The second is that the Code implicitly acknowledges an underlying privilege right that it does not define. Part C(1) of the Code provides that a practitioner withdrawing from a matter may not disclose information protected by “the client’s privilege of confidentiality” – a phrase the Code uses but never defines, insinuating that privilege exists as a pre-existing right rather than one the Code itself creates.

The third is statutory. DIFC Law No. 3 of 2004 – the Law on the Application of Civil and Commercial Laws in the DIFC, as consolidated in November 2024 – provides at Article 8A(3) that common law supplements DIFC Statute where no statutory provision covers the point, and that the DIFC Courts may have regard to the common law of England and Wales when determining what that common law is. There is no DIFC Statute that expansively defines privilege or waiver. Where that gap exists, the DIFC Courts may supplement DIFC law by reference to common law principles. And while Munir will not bind the DIFC Courts, it can be a reference point when the Courts turn to fill the gap. A practitioner facing a privilege challenge in the DIFC who has uploaded client material to a public AI platform may find Munir cited against them.

ADGM

The position in the ADGM is stronger.

Article 1(1) of the Application of English Law Regulations 2015 (“AELRs”) provides that the common law of England, including the rules and principles of equity, as it stands from time to time, shall apply and have legal force in, and form part of, the law of the ADGM. This is not a gap-filling mechanism or a discretionary reference point. English common law is directly incorporated into ADGM law.

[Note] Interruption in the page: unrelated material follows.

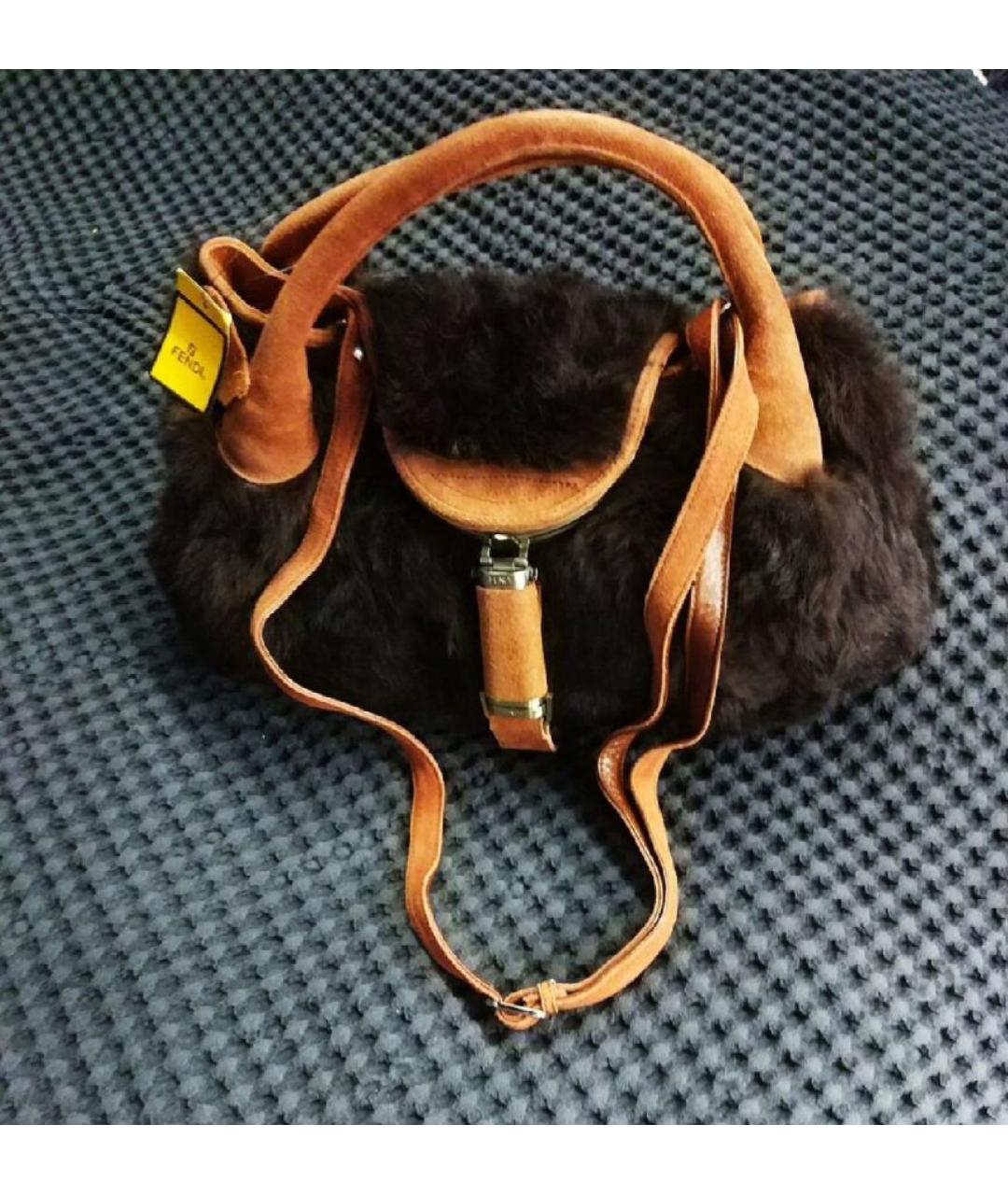 FENDI Коричневая меховая сумка с короткими ручками, фото 5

The ADGM Court of Appeal settled the point in AC Network Holding Ltd v Polymath Ekar SPV1 [2023] ADGMCA 0002, holding that the doctrine of precedent is itself a feature of English common law and that ADGM courts are bound by it. Lord Hope drew the contrast with the DIFC plainly: in the DIFC, English law steps in only when the DIFC's own rules and other applicable law provide no answer; in the ADGM, it is the law.

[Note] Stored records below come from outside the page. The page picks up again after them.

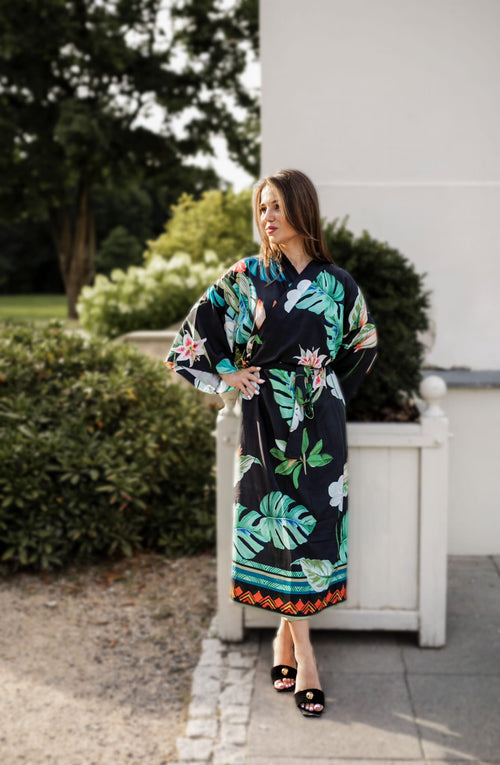 KIMONO PLAŻOWE CZARNE W KWIATY ,MISS INDEPENDENT’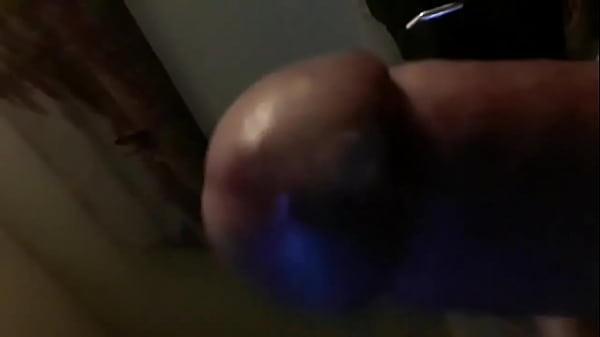 Play MP4 - Huge cock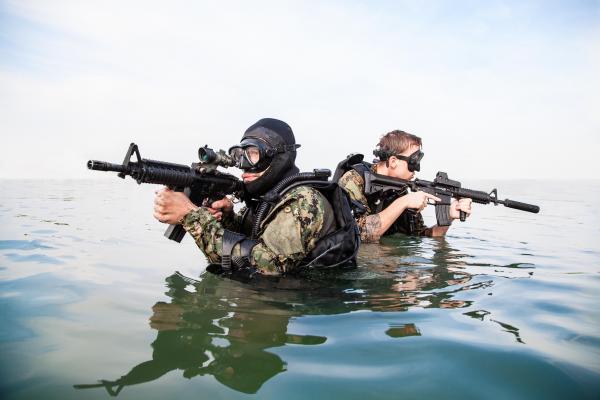 Doi pușcași marini din trupele de elită SEAL, dispăruți de o săptămână. Misiunea secretă pe care o executau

Munir does not cite authority for its conclusion that uploading confidential material to a public AI platform places it in the public domain and waives privilege – the Tribunal states the position without attribution. But if that is a correct statement of English law, the consequence for ADGM practitioners follows directly: that same law forms part of ADGM law through Article 1(1) of the AELRs, and would reach the same conclusion.

The Practical Rule

Neither decision says that AI has no place in legal work. What they do say is that a public AI tool – one operated by a third-party provider under its own terms is not the right environment for client material. Lawyers working on contentious matters in particular should avoid uploading documents to any public platform, and instead look to AI services that offer closed environments, contractual confidentiality commitments, no training on client data, and clear data retention and deletion controls and policies.

Until a court in this region rules otherwise, there is only one defensible position on the rest: treat a public AI platform as public domain. These two decisions have already made the case.